How to Spot a Fake Antique

Before you think of parting with your money, read our foolproof guide to avoiding the crooks, and getting yourself onto the collecting ladder the right way...

Antiques Roadshow

RESEARCH: Begin by studying books, price guides and magazines. Take note of detailed photographs and authenticating water marks. Learn as much as you can about materials, craftsmanship and style variations.

GET FAMILIAR: To differentiate between the genuine article and a piece of junk, attend as many auctions, shops and flea markets as you can. Visit stores that specialise in reproductions and compare to what you have seen elsewhere. Once you become familiar with the real thing, you won't be fooled by a fake.

EDUCATION, EDUCATION, EDUCATION...: Gaining in-depth knowledge of your collectible takes years. Subscribe to a quality magazine, such as BBC Homes and Antiques, which includes articles on fakes and forgeries.

CLUB TOGETHER: Clubs are an excellent means of meeting other collectors, old and new. Get to know the members and learn from their blunders and breakthroughs. Attend local meetings, the annual convention and keep abreast of any information by reading their newsletters.

LOOK BEFORE YOU LEAP: Avoid antiques stalls that carry crafts, late collectibles and reproductions. Even the most innocent of sellers can unwittingly mix the old with the new.

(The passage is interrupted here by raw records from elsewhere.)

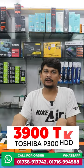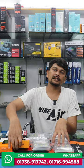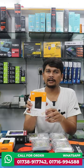I'm going to talk about all the hard disks. I'm going to talk about the pin drive: 1TB, 2TB, 4TB.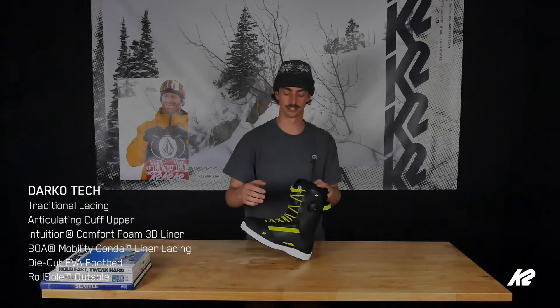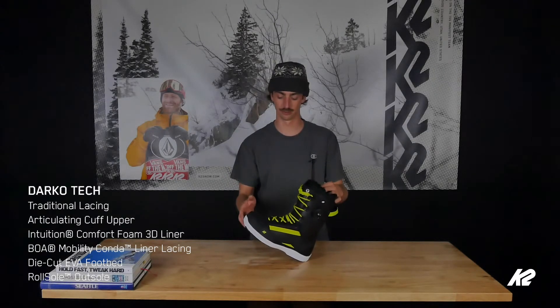So this boa right here, you twist that up and it's going to tighten your liner right into the back of your heel, keep you nice and secure.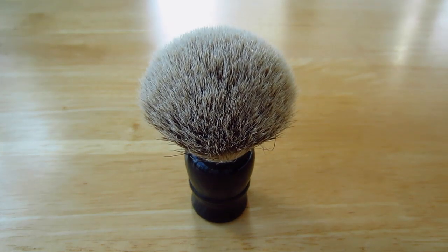This is the 24mm silver tip shaving brush from Whip Dog. Please let me know if you have any questions.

WORTHY OR WORTHLESS?: Scrutiny of an item often reveals its true age. For example, examine furniture to determine if the manufacturing methods are consistent with the piece's alleged age. Ask yourself, what type of wood was the piece made from? Are there signs of shrinkage? Does the piece show signs of authentic wear or age? Is there evidence of modern tools or construction methods? Has the item been glorified, altered or converted from something else? Does the interior smell old? Are there signs of repair or refinishing? If the item passes these preliminary tests, consider the purchase.

IF IT'S TOO GOOD TO BE TRUE, IT USUALLY IS: David Dickinson abides by this motto, religiously! There are cases of collectors stumbling upon a masterpiece in some little shop in rural Wales or, even more unlikely, at a car boot sale. As a rule, these occurrences are rare, so if an item is priced below its value, check it over like your life depends on it before digging out the wallet.

IT COSTS NOTHING TO BE NICE: Most antiques dealers are honest and hard-working. Treat them with respect and you will gain valued partners who will nurture your basic knowledge and growing collection. Nobody likes an arrogant old duffer!

ASK THE EXPERT: Get to know a local dealer. They'll have honed their skills and will know of every conceivable pitfall. That way, you'll save money, time and effort by learning from their mistakes.

AVOID THE COWBOYS: Ethical dealers do not knowingly sell reproductions. If you suspect you have purchased a fake, obtain a second opinion or appraisal. Present the proof to the dealer who sold the piece. Reputable dealers will always take back the item.

GET A WRITTEN RECEIPT: Authentic sellers will provide written documentation, which details the age of the object and the price paid. If you've been duped, the receipt will help establish your case against the forgery.